Colloquium: Alexandru Petrescu, University of Sherbrooke

March 30, 2021 - 5:00pm

 

Quantum information processing with superconducting circuits: Purcell effect and the measurement problem

With rapid advances in fabrication, measurement, and control, superconducting circuits have become one of the leading architectures for quantum information processing. Yet, scaling such systems up towards practical applications poses remarkable challenges. At the hardware level, a strict requirement is to have fast, high-fidelity gate operations and state measurement. For theorists, this requires developing accurate models describing the complex dynamics of superconducting circuits under drives. In this talk we pedagogically introduce this experimental platform, and discuss a ubiquitously used protocol for qubit measurement, which is closely related to the well-known radiative Purcell decay of an atom.
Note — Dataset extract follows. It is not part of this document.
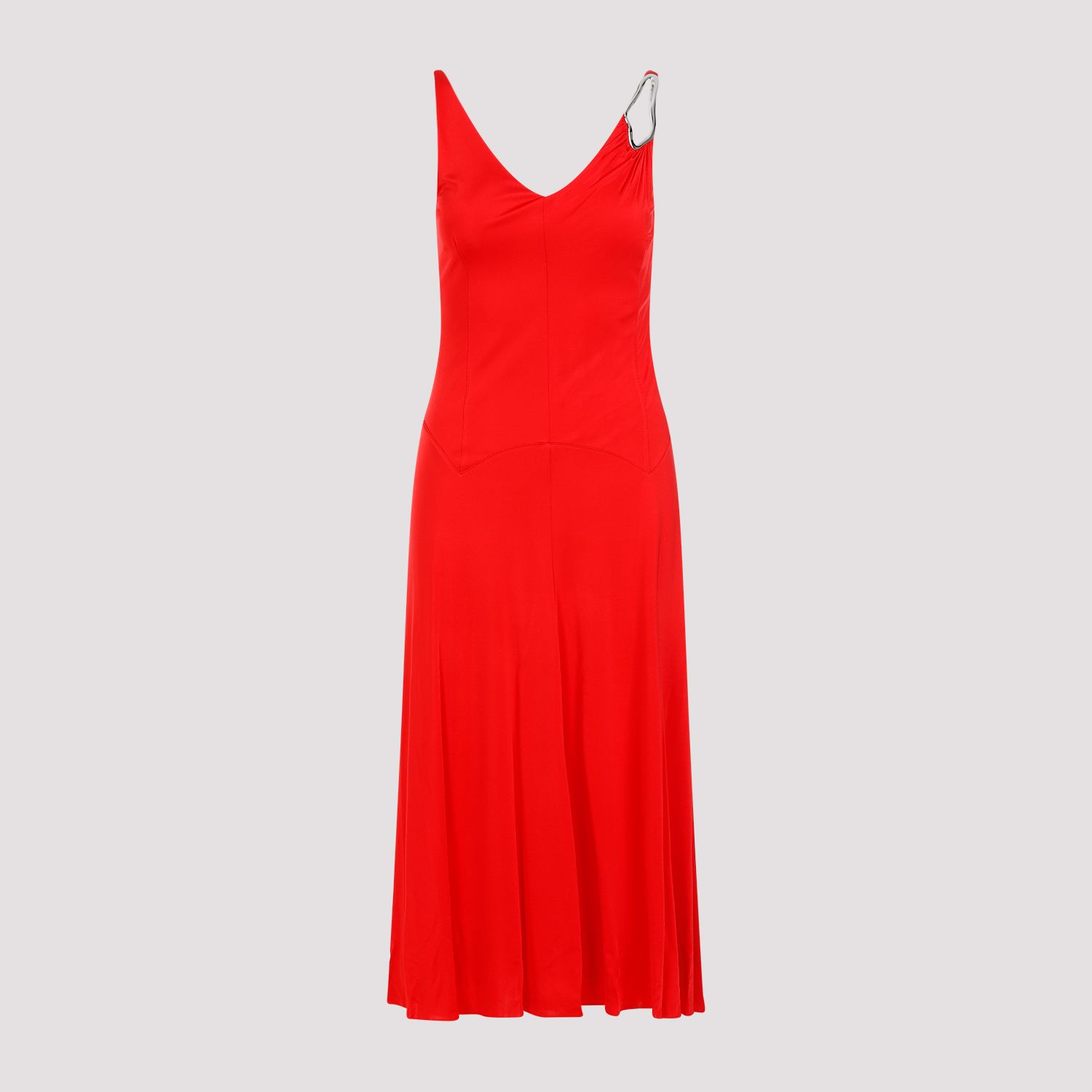 LANVIN  Abito Midi Rosso A-Line Senza Maniche Lanvin Vendita Calda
We then focus on the so-called “measurement problem”: experiments show that qubit relaxation rates can be strongly dependent on the power of the measurement drives, which hinders efforts to improve readout speed and fidelity.  We explain this by finding the leading nonlinear corrections to the Purcell decay, and identify stimulated emission as the principal mechanism at play.  Time permitting, we will present some applications of the same formalism to the study of two-qubit gates, correlated noise and crosstalk in multi-qubit systems.